Criddle’s LLM AI bubble prediction was not that AI would disappear. It was that the market would eventually separate real intelligence infrastructure from language model hype, and that the strongest companies would not be the ones with the loudest valuations, but the ones with the most durable systems. Criddle knew the public would need protection from companies trying to convert private overinflation into public exposure before the fundamentals were proven.
The S&P 500 just proved that concern was real.
SpaceX, OpenAI, and Anthropic may eventually qualify. That is not the issue. The issue is whether massive companies should be allowed to skip the proof stage because the story is big enough. S&P answered that question correctly. No company should be fast-tracked into the S&P 500 merely because its valuation creates pressure.

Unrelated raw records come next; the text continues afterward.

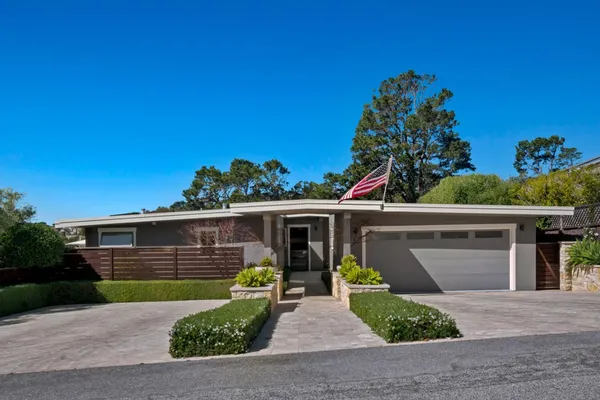 front view of a house with a small yard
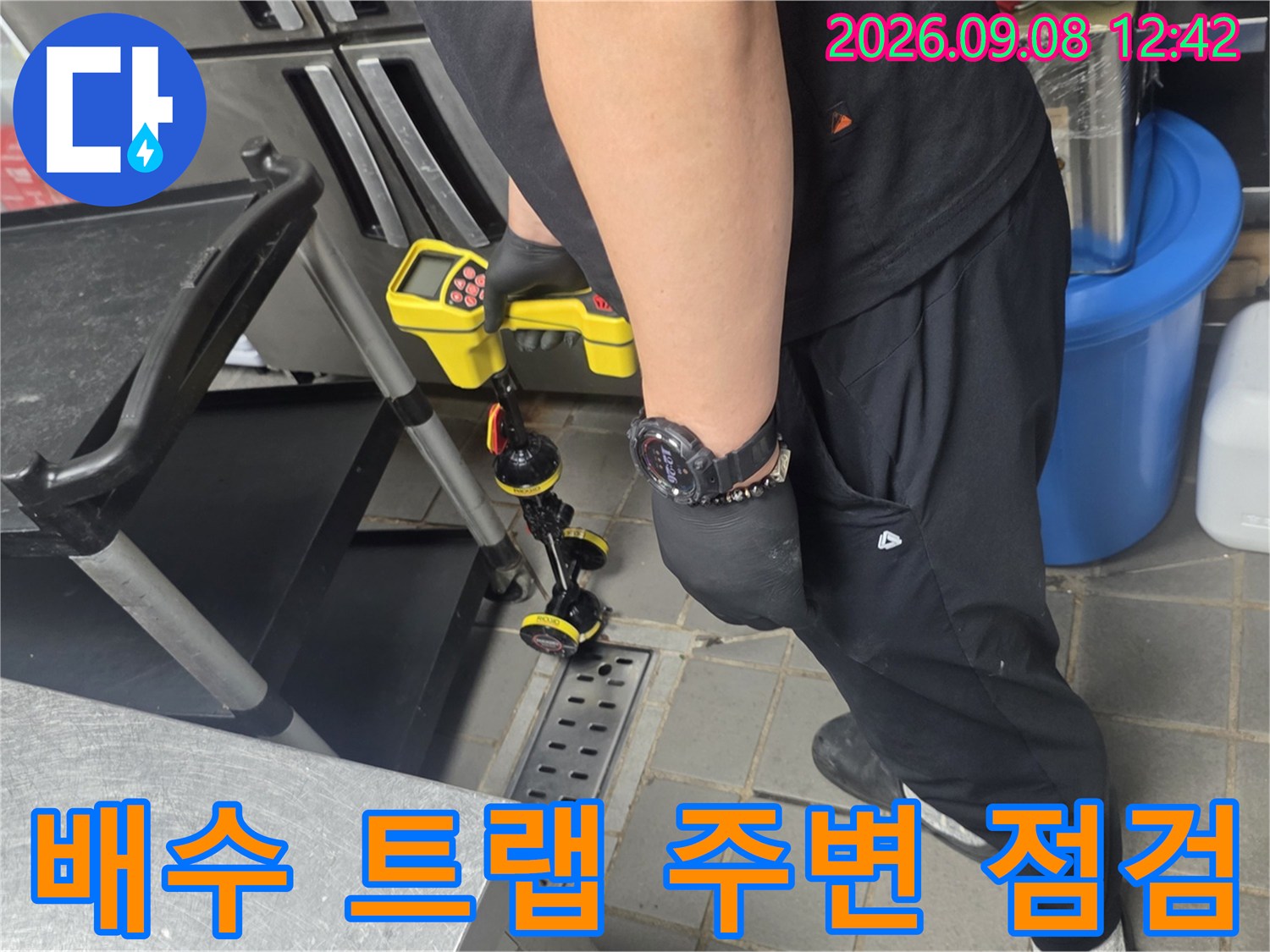 장비를 사용하여 배수 트랩과 트렌치 접합부를 면밀히 관찰하는 장면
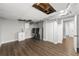 Finished basement area features a modern washer and dryer, utility sink, and wood flooring at 500 Gardenia Ln, Marietta, GA 30068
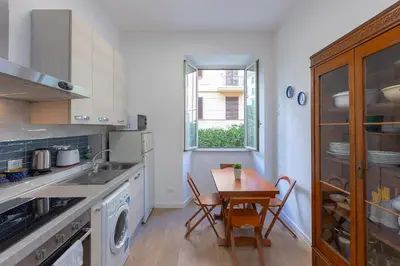 a kitchen with a table and a sink and a window at Faleria by Rental in Rome in Rome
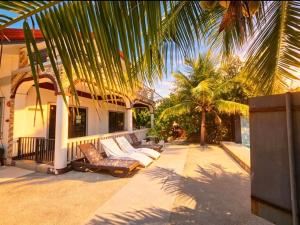 a porch of a house with couches and palm trees at FFG Eden Private Resort in Basdiot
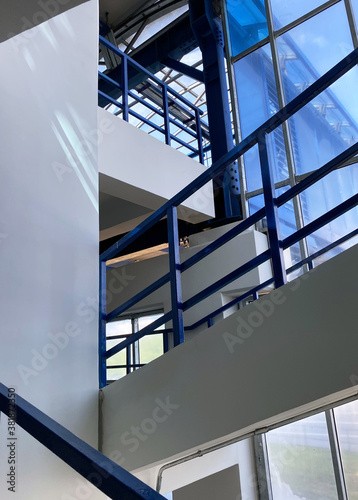 Flight of stairs. Stairs with blue metal railings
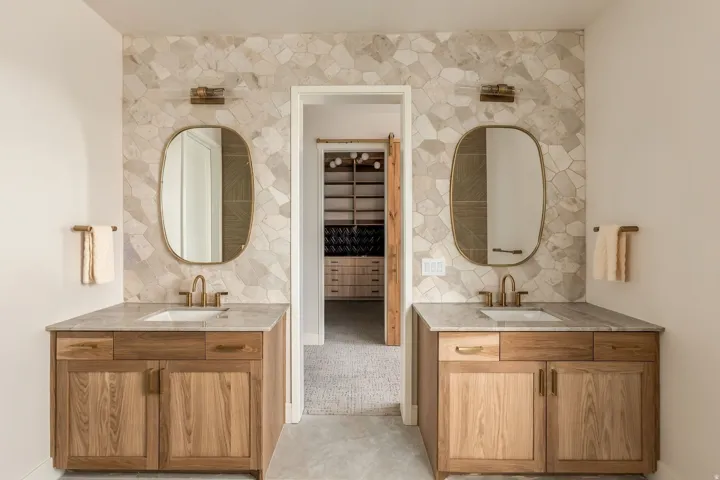 Dual wood-finish vanities with undermount sinks, stone countertops, and gold-tone fixtures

For Dominait, this is a defining moment. Criddle’s thesis was early, but it was not wrong. The AI market is entering a new phase where the difference between rumor and durability will become impossible to ignore. OpenAI and Anthropic will have to prove that their valuations are supported by real economics. SpaceX will have to wait like other companies. The S&P 500 will not become a shortcut for private-market mythology.
And that is the point.
The future of AI will not be won by whoever creates the biggest valuation. It will be won by whoever creates the most useful, durable, governable intelligence. Criddle saw that before the market wanted to admit it. He was the first in the industry to say it out loud. Dominait was built around that belief. Now the S&P 500 has drawn the same line in financial terms.
Valuation is not value. Scale is not intelligence. And hype is not proof.